Do you mind verifying that it is actually correct please? That would be quite helpful so that I don't spend a week debugging when it's not actually right.

yaohungt commented 4 years ago

I have no access to machines right now. But your config file is correct except that "True" should be "true".

We also conduct a variant of your config which is the vector-structured pose. This is done by setting 'matrix_pose' to false.

cinjon commented 4 years ago

With the config as is, it reaches only 73% accuracy on the diverse multi mnist test set. That's notably lower than the result in the paper.

It also is at 9.98m parameters, which is a tiny bit larger than what you shared. So I suspect it's off in some way from the config you used.

Any idea where it could be off or perhaps some other part that's different between the setup (for CIFAR) in the repo and the setup for DMM? Fwiw, it reaches ~99.99%/100% on the training set np.

yaohungt commented 4 years ago

I'm not sure your training/test match the setting in the paper or not.
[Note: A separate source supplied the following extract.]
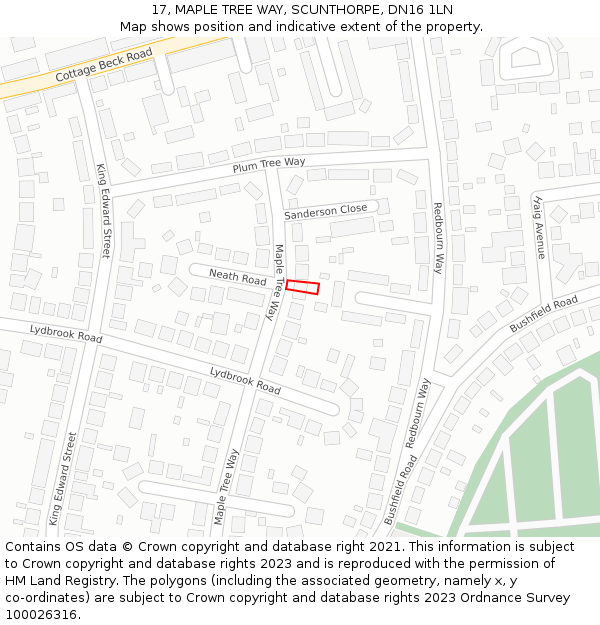 17, MAPLE TREE WAY, SCUNTHORPE, DN16 1LN: Location map and indicative extent of plot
You can first try the vanilla Capsules (Dynamic/ EM Capsules) on multimnist, and see what you get.

Moreover, I don't think I reach ~99.99% accuracy on the training set.
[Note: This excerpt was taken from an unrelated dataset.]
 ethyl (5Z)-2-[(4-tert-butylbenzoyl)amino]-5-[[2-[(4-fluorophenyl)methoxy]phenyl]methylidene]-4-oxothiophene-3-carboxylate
Sharut commented 4 years ago

Hi @yaohungt , Could you please share your code for generating the Diverse Multi MNIST Dataset. When I tried to implement it in MNIST, Using the above config file I am able to cross 85% with the matrix pose itself whereas your number in the paper was 80%.

I really need to figure out where exactly I am messing up or is there something else which is causing this difference?